New crops available through this update include Hive Fruit, Nectarine, Honey Daisy, Honey Dew, Honey Pepper, Honey Hollow, Woodbine, Coneflower, Pollenvine, Hive Petal, Bee Balm, and Honeysuckle. Some come from the Honey Shop with Honey Coins. Others drop from the Flower Seed Pack or the Crafter’s Seed Pack. Bee Balm and Honeysuckle specifically need the Bizzy Bear crafting station.

Seeds in this event cost either Honey Coins, Robux, or both. Some have Sheckle equivalents if you want to sell on the open market rather than using the compressor loop. If you are looking to optimize your playtime across other major Roblox titles, keeping track of your resources is just as crucial as finding the latest game codes to maximize your in-game efficiency.

Honey compressor machine in BossGamerz game with crop options and mutation table.
In-game honey compressor device displaying crop options, mutation table, and user interface elements.

All New Crops Ranked by Value

Here’s where things get interesting. Not all the new seeds are worth chasing equally, and the meta difference between them is pretty significant.

S Tier: Worth Every Honey Coin

  • Hive Fruit (Divine rarity): This is the standout crop of the entire update. At a base value of around 55,955 Sheckles per kilogram, it’s the highest-value new crop added in the Bizzy Bee event. Each Pollinated Hive Fruit fed into the Honey Compressor generates more Honey Coins than any other crop in the event pool. If you’re early in the event and wondering where to spend your first 40 Honey Coins, spend them here. The seed costs 40 HC or 599 Robux from Beatrice’s Honey Shop. The multi-harvest nature means you keep getting yield from a single planted seed over multiple cycles. Combined with the Pollinated mutation (3x multiplier) and the Honey Glazed mutation (5x multiplier) that both drop during this event, a mutation-stacked Hive Fruit is genuinely one of the most valuable crops you can have right now, not just for the event but for normal Sheckle farming after.

  • Nectarine (Mythical rarity, returning): It came back for this event and it’s still very solid at approximately 36,100 Sheckles per kilogram base. Not as powerful as Hive Fruit but much cheaper at 25 Honey Coins or 399 Robux. If your Honey Coin budget is tight, Nectarine gets you into the high-value farming loop without committing 40 coins to a single seed. The combination of Mythical rarity and a decent fruit count per cycle makes it a reliable earner that also benefits strongly from the Pollinated mutation.

A Tier: Reliable, But Not the Priority

  • Honey Pepper (Mythical rarity): Honey Pepper is one of the new permanent additions to the Honey Shop seed pool. Mythical rarity with strong mutation potential. If you’ve played this game long enough to know how Dragon Pepper performs (88,800 Sheckles per fruit, 6 reharvestable fruits), Honey Pepper follows a similar logic, it’s a multi-harvest crop that compounds well over time. The exact per-fruit value is event-dependent but it consistently lands in high-earning territory.

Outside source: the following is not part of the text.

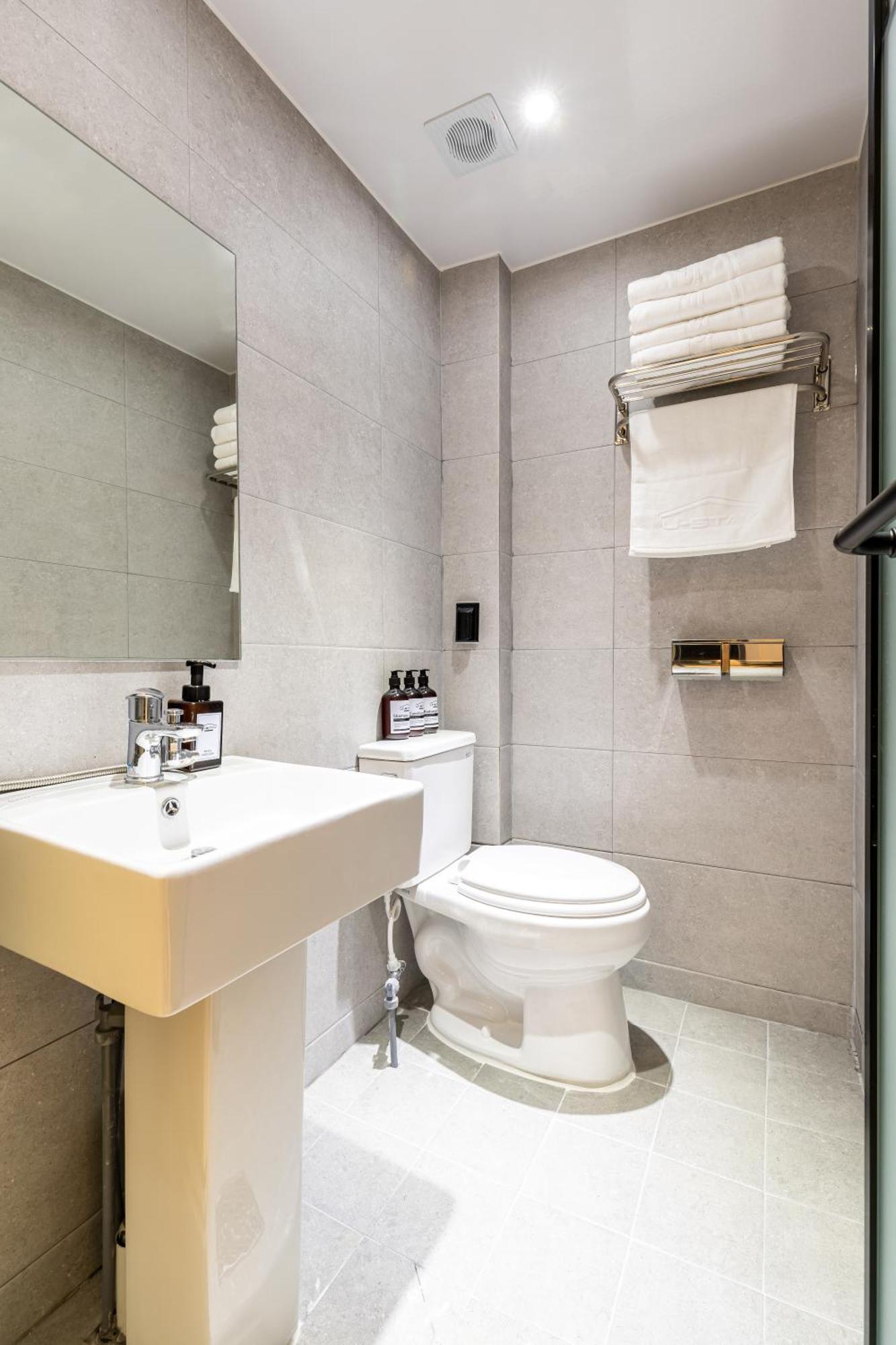 U Stay Myeongdong Seoul Ngoại thất bức ảnh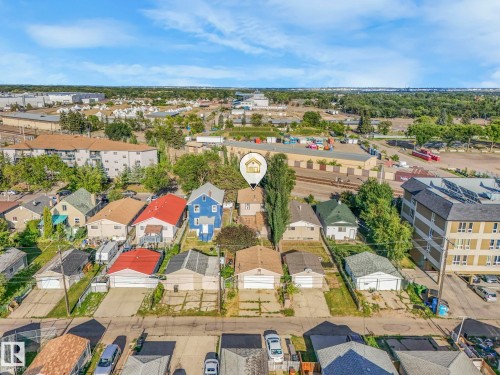 11408 81 Street, Edmonton, AB - Outdoor With View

  • Honey Hollow (Mythical rarity): Another Mythical added in this event. Honey Hollow is less talked about in the community right now, which honestly means it’s a bit underrated. The base value is competitive with other Mythical-range crops. It doesn’t top the chart, but for a player not yet farming Hive Fruit, it’s a decent step up from the basic event seed pool.

B Tier: Worth Having, Not Worth Prioritising

  • Honey Daisy and Honey Dew: Both come from the Honey Event Shop. They’re mid-range event crops that do fine when pollinated but don’t generate the Honey Coin volume that Hive Fruit or Nectarine do. They’re good filler for your Honey Garden plots if you need to fill space while waiting for higher-value seeds to come back into stock. Honey Dew in particular has a decent growth cycle.

  • Honey Birds of Paradise: Aesthetically one of the best-looking crops in the event. The value doesn’t match the visual though. It’s a reasonable Honey Shop purchase if you’ve already covered your Hive Fruit quota, but you’re not farming this one for serious Sheckle output.

C Tier: Event Padding

  • Woodbine, Coneflower, Pollenvine, Hive Petal: These four come from the Flower Seed Pack. They’re primarily there to populate your Honey Garden while your bees are working. Low individual value, but they do accept the Pollinated mutation, so they’re not useless. Think of them as placeholders while you grind toward better seeds. Don’t spend your best Honey Coins on these.

  • Bee Balm and Honeysuckle: Craftable at the Bizzy Bear station. Interesting from a novelty standpoint and they look good in the garden. From a pure value perspective though, they sit at the bottom of the new crop additions. Worth crafting if you have spare materials, not worth going out of your way for.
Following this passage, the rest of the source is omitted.